Long before forecasters predicted the storm that swept into Minnesota on Wednesday, metro-area county engineers began checking their lists of available crew members, assigning snow-removal routes and getting approval for overtime pay in preparation for a Christmas storm likely to delay anyone whose engine isn't named Rudolph.

"We have a plan," Fischer said, ready to tackle the pending storm with the focus of the linebacker he once was at Iowa State. "But our plan is a little different."

Hennepin County will send out most of its 71 plow trucks en masse during the day and then deploy as few as eight overnight, said county highway-maintenance supervisor Mike Legg. Ramsey County is also expected to send nearly all of its 35 plows at once and then take breaks, said Ken Raider, Ramsey County engineer.

But Anoka County, with 23 plows on the road at a time, appears to have set the metro-area gold standard when it comes to snow removal. Thirteen years ago, Anoka County was recognized by the National Association of Counties for an innovative two-shift snow-removal system that keeps the bulk of the county's plows on the road 24 hours a day.

Twelve-hour shifts that are union-approved and come with double-time pay during Christmas begin at 2 a.m. or 2 p.m. Mechanics have been put on call to drive plows if necessary. There are crews assigned to fixing and replacing signs that are wiped out by cars sliding through intersections.

It comes with the white turf

"It throws a wrinkle into everybody's plans, if not a big wrench," Fischer said. "Everybody is reordering their lives. But our guys take this job seriously.
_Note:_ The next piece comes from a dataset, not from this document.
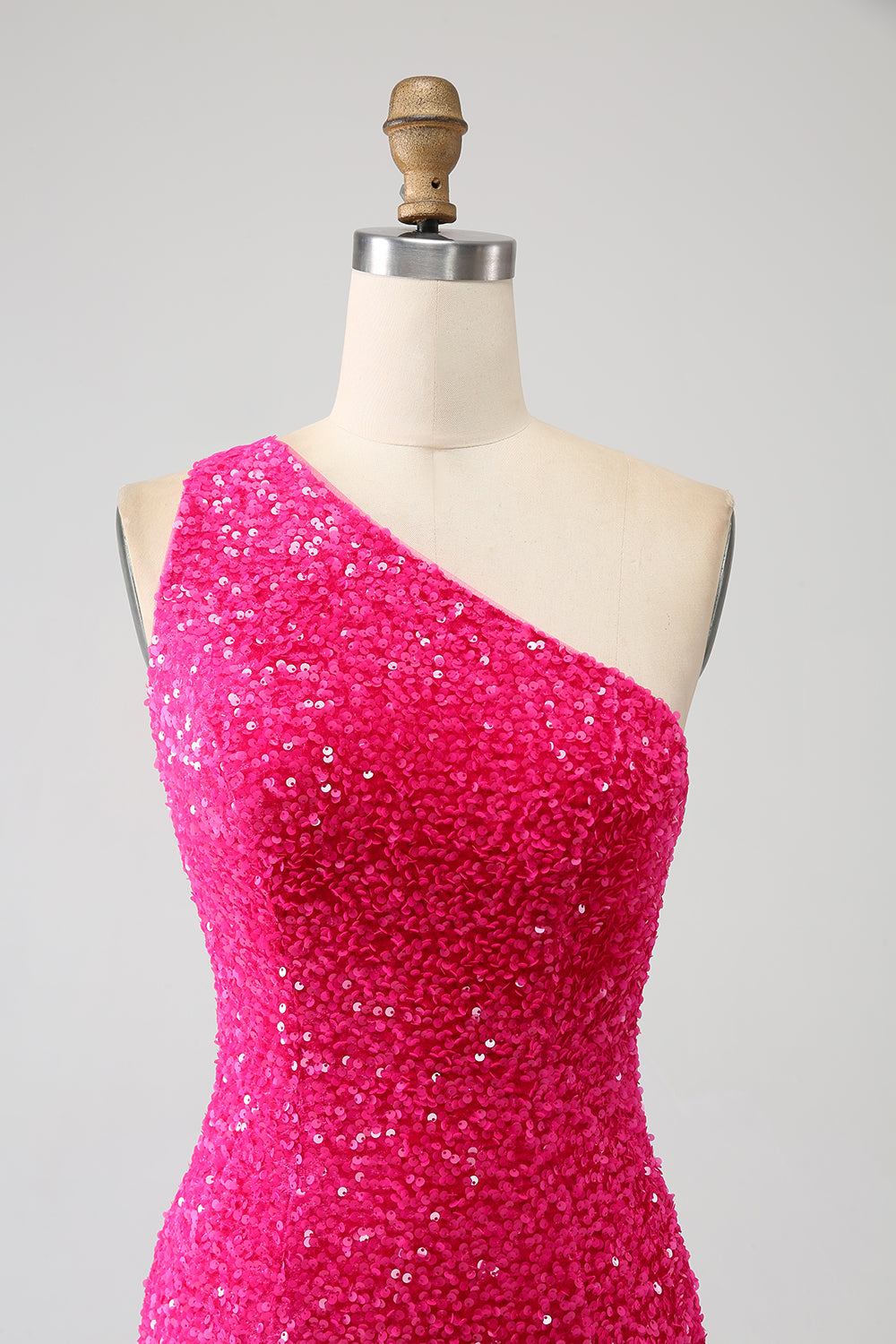 Sparkly Mermaid One Shoulder Sequins Prom Dress with Slit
It comes with the turf."

Christmas Day snow removal will cost Anoka County an expected $26,000 in holiday and overtime pay, Fischer said. Hennepin County will pay $30,000 more than it would on a nonholiday, according to Legg. And the city of St. Paul could pay as much as $100,000 more to remove snow on Christmas Day and the weekend days that follow, said Kevin Nelson, the city's street maintenance engineer.

Minneapolis, which will see its 2009 budget of $8.2 million for snow removal reduced to $7 million next year, budgets for 18,000 tons of salt, slightly less than Hennepin County. But Mike Kennedy, director of transportation and maintenance and repair for the city's Department of Public Works, said it's difficult to compare costs of plowing on Christmas Day with any other day. Overtime and holiday pay are givens, but the equipment and salt are already there, he said. Costs could really mount with the snow emergency shifts that follow the storm, he said.
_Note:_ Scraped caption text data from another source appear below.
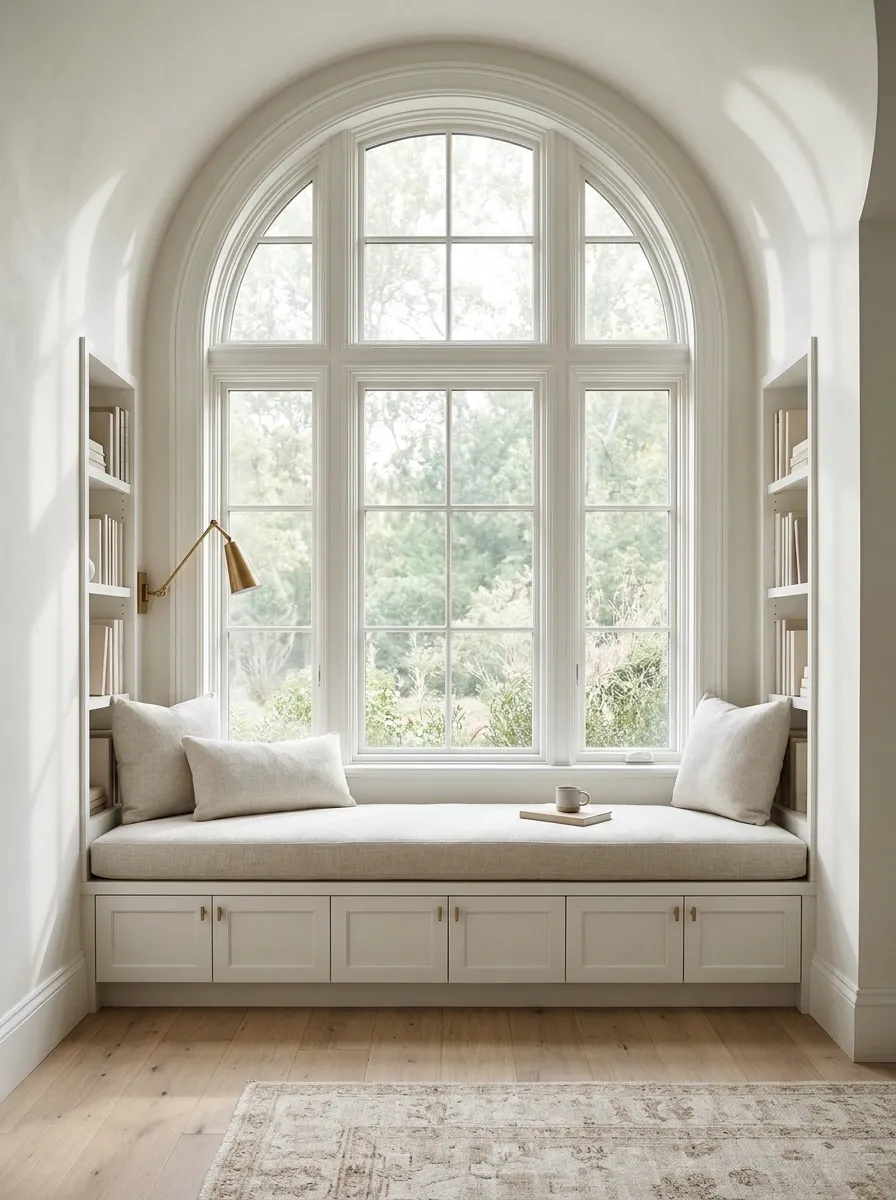 Bare Arch Above a Built-In Reading Seat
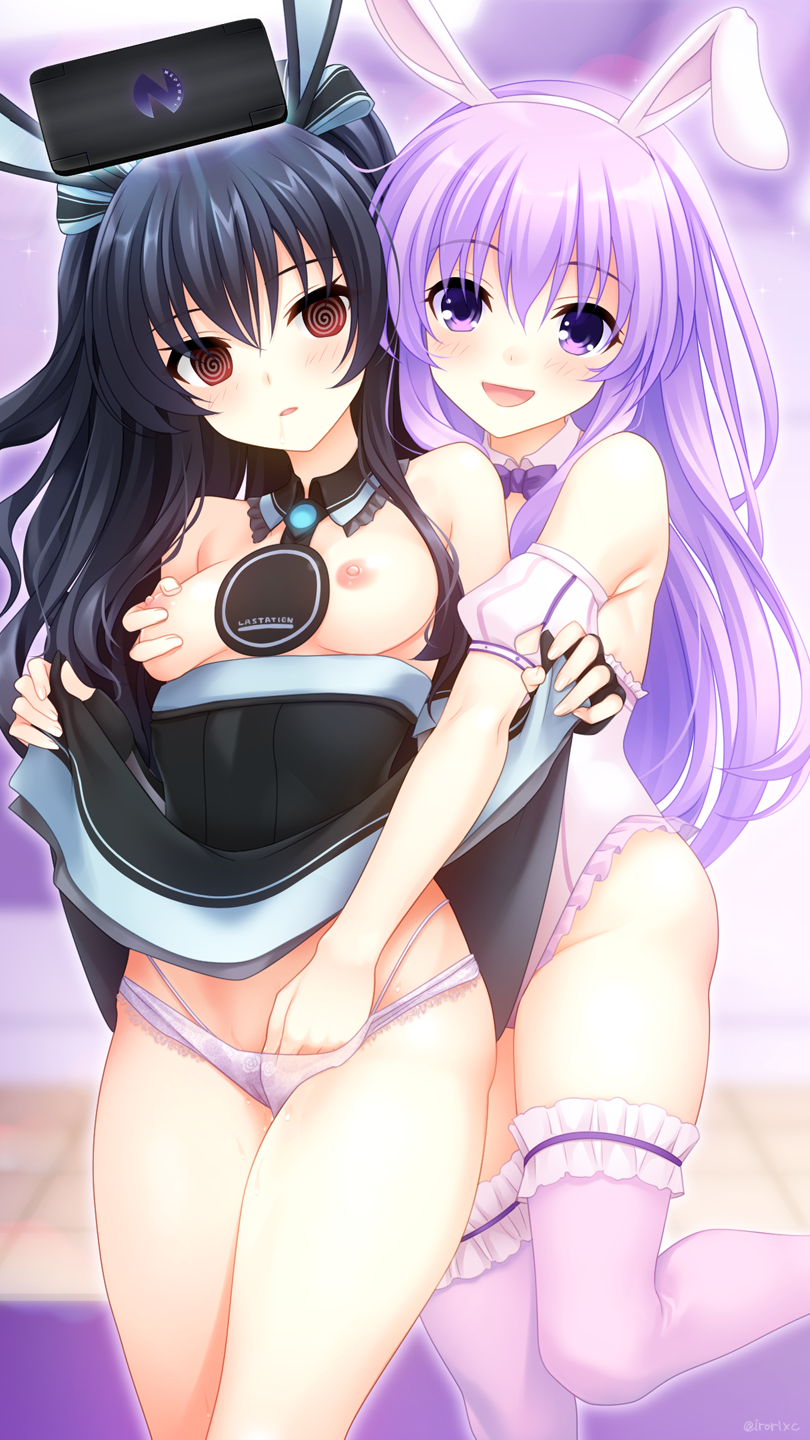 nepgear and uni (neptune) drawn by irori_(irorixc)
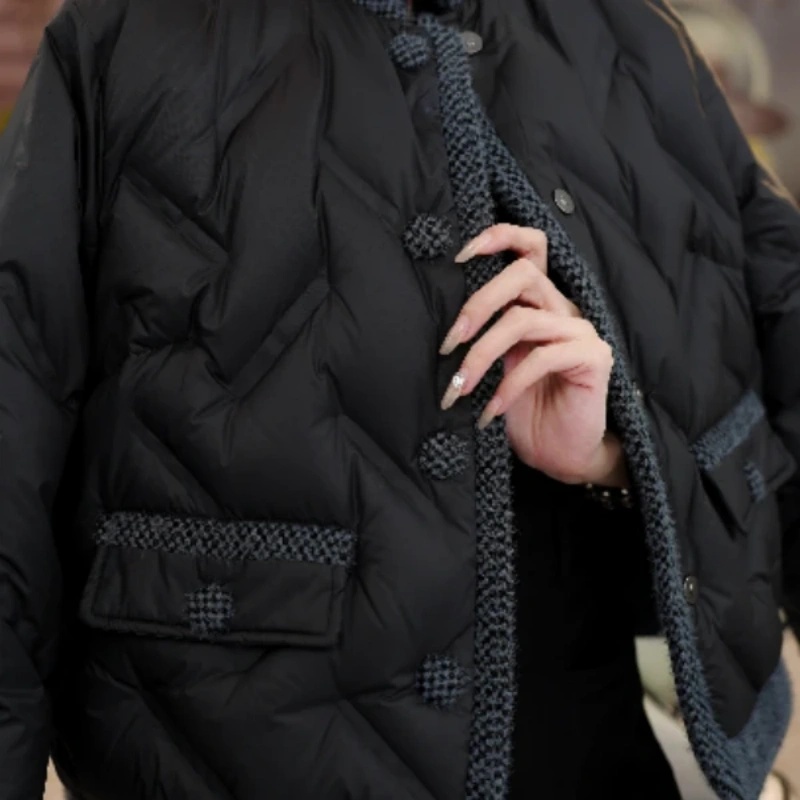韩系穿搭休闲百搭棉服女2025冬季新款设计感小个子保暖加厚外套潮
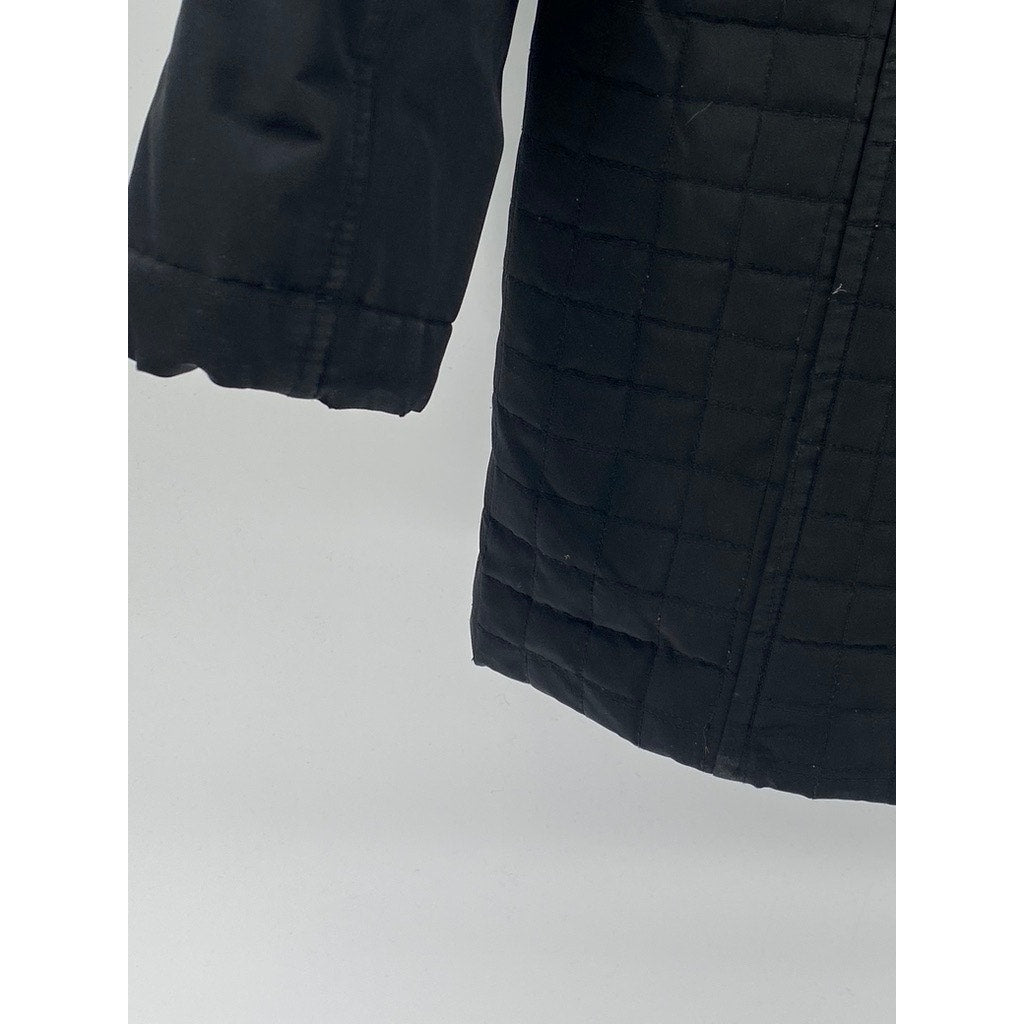 TALBOTS Women's Black Grid Velvet Trim Hooded Zip-Up Jacket SZ S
"What is the cost to society if we don't do it?" Fischer said of counties and cities that pay overtime for snow removal.

Hennepin County's road crew is second in size only to the Department of Transportation's in Minnesota. The county may not appear larger than many others in the metro area, but it is the one with no gravel county roads -- meaning every one must be plowed, Legg said.

County roads in and immediately outside of Minneapolis and St. Paul often see more use than usual in dense storms because motorists choose to avoid the interstates, attracting added attention of road crews, Legg and Raider said.

While travelers may cringe with every snow projection this week, road crews see a silver lining through all the white.

"There's a pretty good buzz," Legg said of Wednesday's conversation among Hennepin County road workers who were anticipating "a little jing in their pockets."

And for counties such as Hennepin, which budgets for 22,000 tons of salt per year, or Ramsey, which budgets for 10,000 tons, a big storm can be less costly to salt than several small storms. The temperature is projected to be in the 20s, which makes the salt much more effective than in subzero conditions, Anoka's Fischer said.

"We have to salt each time it snows," Fischer said. "It's a lot cheaper to salt every so often for larger storms than it is to 40 times for 40 one-inch storms."